Available Storage in Galvani

This page describes how Galvani deals with data storage. Right now the storage solution for Galvani and Galvani is the same.

Note

We are decommissioning QB in 2024 with the storage being all NVMe Lustre. Beegfs will also be decommissioned.

On Storage Availability and Backups

Please note that storage space and services on Galvani is provided as is. We cannot guarantee high availability and back-up of any of our storage space, which refers to all storage on the ML Cloud.

Storage Quotas

Storage is a shared and limited resource and in a number of places we need to enforce quota to avoid that some script accidentally fills up the disk and the system becomes unusable for everybody.

Storage quota is specified in:

  • Space limit: affects the aggregated size of all your files or files of a group. When this limit is reached you or the group cannot store more data (new data or increasing file sizes) on the system.

Quota applies to specific folders

Often it is intended that storage quota applies to a specific folder on the file system. For example, the so-called HOME quota shall apply to your home folder $HOME.

Quota applies to snapshots

It is important to remember that the file system snapshots that are created impact your storage quota. This means that if you truncate and then delete a file, the reduce in quota will not be visible immediately, but it will have a delayed effect of about 14 days.

QB Storage

The main storage backend for your data in Galvani is a Quobyte storage cluster. The only things that are not stored on the backend are the root disks of VMs and bare-metal machines as wells as ephemeral disks of VMs.

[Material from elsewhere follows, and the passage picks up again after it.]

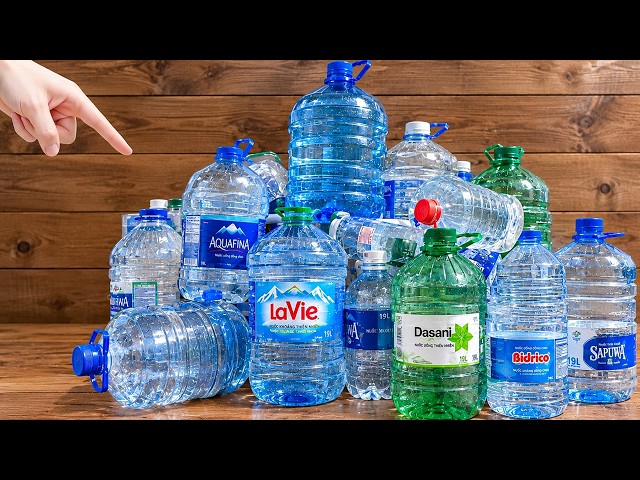 People Throw Away old plastic water bottles. I Turned One into a Gold Mine 😱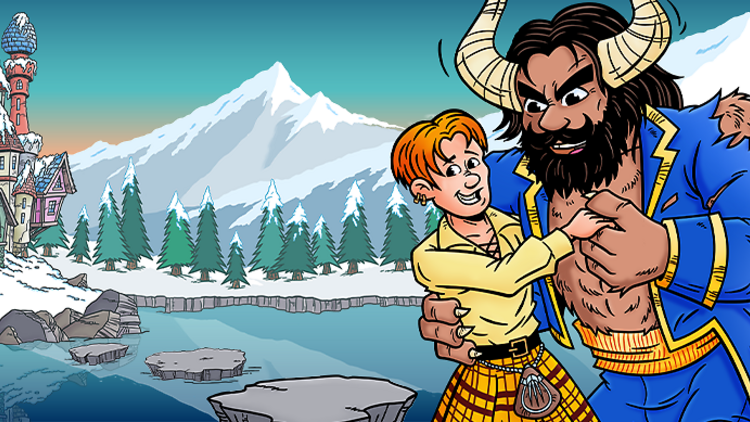 Beauty and the Beast: A Horny Love Story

The following table summarizes the different storage options:

Table 2.1 ML Cloud File Systems For Galvani

File System Quota Disc Type Filelocks Key Features
$HOME 20GB, ### files SSD No implicit filelocks Not intended for parallel or high-intensity file operations.
NOT intended to store input data, results or models.
NOT intended for usage to write jobs on HOME since such process might max out your quota and lead to inability to login.
$WORK Initial Quota: 8TB SSD No implicit filelocks Volume WORK can hold ~50 mln files.
The environment variable is set to /mnt/qb/work/YOUR_GROUP/YOUR_UID for each user.
This can be used to store input data and results with the quota limits in mind.
$WORK2 part of WORK quota SSD No implicit filelocks WORK2 is a different volume, but still part of your WORK quota
$WORK3 part of WORK quota SSD No implicit filelocks WORK3 is a different volume, but still part of your WORK quota
$SCRATCH - SSD No implicit filelocks should be used to access local, temporary storage on compute nodes.
It is set to the folder /scratch_local/$SLURM_JOB_USER-$SLURM_JOBID.
Please note that this folder and everything in it will be deleted after the job finishes.
/mnt/qb/YOUR_GROUP 25TB HDD No implicit filelocks shared HDD volume for each group
/mnt/qb/datasets - SSD No implicit filelocks Accessible to all users. Read only on GPU nodes and writable for staging on login and cpu-only nodes.


Note

The separation ofWORK, WORK2, WORK3 in different volumes (while all three volumes comprise your group quota) was to spread the volumes for rebalancing purposes for the metadata.

QB Quotas and Freeing Space

The shared network volumes which provide $HOME, $WORK and /mnt/qb/datasets have user or group quotas in Galvani. You can query them with qinfo quota if your current working directory is part of those volumes.

There are two ways to delete/remove files and free quota:

  • rm file: although this command will romove the file, the quota size decrease will be reflected with a delay of app. 2 weeks if files were present at the latest QB metadata snapshot.
  • To free quota instantaneously use:
: > file
rm file

for a single file. For deleting a directory recursively use:

find DIRECTORY -type f ! -size 0c | parallel -X --progress truncate -s0
rm -rf DIRECTORY
  • using mv file /ouside/of/volume/ might not free quota instantaneously. Instead use:
cp file /ouside/of/volume/
: > file
rm file

Note

Truncating any files within your conda environments, dirs and packages most likely corrupts your environments and might required you to rebuild them from scratch.